At the conference and in these pages we have listened, learned and considered the most effective ways. We read about case studies. We listen to ‘experts’. We tried and continue to try to rid ourselves of ‘mass media thinking’ as Alan Moore so rightly puts it. Classically we think in ways that define the world we grew up in. To a good number of us: we are trying to learn our way through this chaotic media shift. In short we are defining ourselves as digital immigrants. That is according to Professor Urs Gasser of the Berkman Center for Internet and Society. In the same way as a previous generation had the same unsettling feeling in 1954 with the birth of commercial television, albeit the digital wave is on steroids and the past 10 let alone 5 years has seen change in media like never before, there is a learning curve as consumers shift their media consumption. That learning curve is change and change is unsettling.

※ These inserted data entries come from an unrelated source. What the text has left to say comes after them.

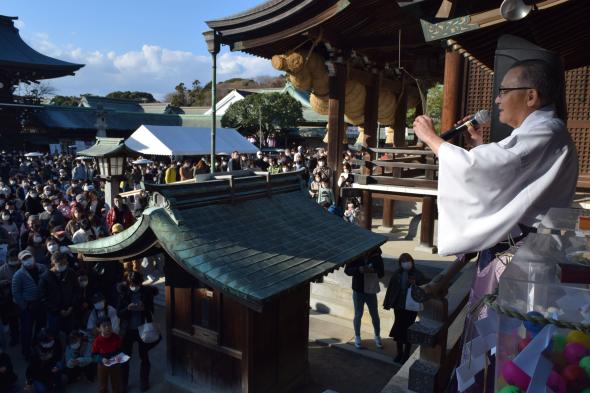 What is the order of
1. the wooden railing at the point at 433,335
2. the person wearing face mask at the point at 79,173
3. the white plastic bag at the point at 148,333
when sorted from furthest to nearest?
the person wearing face mask at the point at 79,173
the white plastic bag at the point at 148,333
the wooden railing at the point at 433,335

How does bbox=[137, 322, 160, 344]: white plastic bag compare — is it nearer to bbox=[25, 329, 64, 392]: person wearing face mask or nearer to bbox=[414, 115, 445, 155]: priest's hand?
bbox=[25, 329, 64, 392]: person wearing face mask

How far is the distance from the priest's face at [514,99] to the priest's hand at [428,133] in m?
0.30

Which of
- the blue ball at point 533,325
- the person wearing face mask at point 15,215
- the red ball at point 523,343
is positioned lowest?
the person wearing face mask at point 15,215

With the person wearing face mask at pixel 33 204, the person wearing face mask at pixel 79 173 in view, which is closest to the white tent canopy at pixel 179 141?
the person wearing face mask at pixel 79 173

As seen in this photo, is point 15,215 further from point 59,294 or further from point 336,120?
point 336,120

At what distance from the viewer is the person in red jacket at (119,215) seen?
9.20 meters

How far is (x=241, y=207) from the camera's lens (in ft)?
18.0

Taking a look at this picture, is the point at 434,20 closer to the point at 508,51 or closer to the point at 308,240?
the point at 508,51

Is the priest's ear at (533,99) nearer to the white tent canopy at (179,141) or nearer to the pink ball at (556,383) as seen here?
the pink ball at (556,383)

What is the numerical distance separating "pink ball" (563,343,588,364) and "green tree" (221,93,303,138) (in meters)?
29.7

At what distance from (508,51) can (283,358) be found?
15.9 feet

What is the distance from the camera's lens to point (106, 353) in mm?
5461

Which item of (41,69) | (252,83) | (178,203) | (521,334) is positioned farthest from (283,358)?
(252,83)

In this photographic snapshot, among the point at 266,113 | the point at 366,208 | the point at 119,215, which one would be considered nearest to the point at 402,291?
the point at 366,208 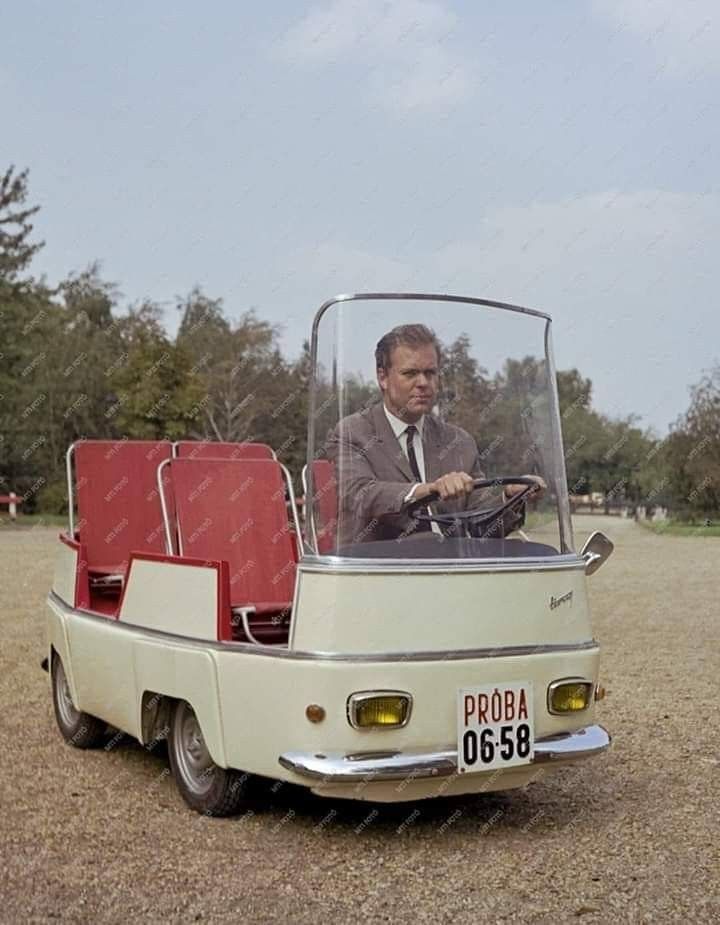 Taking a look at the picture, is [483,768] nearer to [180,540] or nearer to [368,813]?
[368,813]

To those born after 1980 and especially those young consumers of tomorrow born after 2000 there are no barriers between digital and real world. That is obsolete thinking. Anyone born after 1980 has grown up in the digital age and to this generation media are not exclusive. There is no web 2.0, this term neatly puts this period of upheaval into an old, friendly term we digital immigrants grasp. Even the term web 3.0 is obsolete, that is if it was ever relevant. Investigations have already confirmed that today’s teenagers really do have more flexible thumbs. Ask a child in Korea to ring a doorbell and whilst most of us would use our index finger they automatically use their thumbs. Korea has the fastest broadband on the planet. It isn’t just parents and teachers, but also company executives and politicians who are quite rightly concerned with the consequences of this intensive use of new media. As an example Professor Gasser found that by the time our children reach adulthood they will have spent around 20,000 hours in contact with digital technologies – which is about the same amount of time to become a professional pianist. Let’s not forget: consumers are running mission control. Marketers, those in communications or the world’s CEO’s are not.
Digital Natives demonstrate their media juggling every minute of every day. Not because they think ‘what shall I use now’? They use a selection of communications channels at their disposal based on instinct. Professor Gasser went on to discover that only 16% of American youths send emails today (a widely known fact: email is in decline). The primary end up point of these emails? Parents or teachers who are, of course, Digital Immigrants. This fact alone Demonstrates ‘Digital Natives astonishing precision to fine tune tools to the requirement of a specific social situation’, as the Professor noted.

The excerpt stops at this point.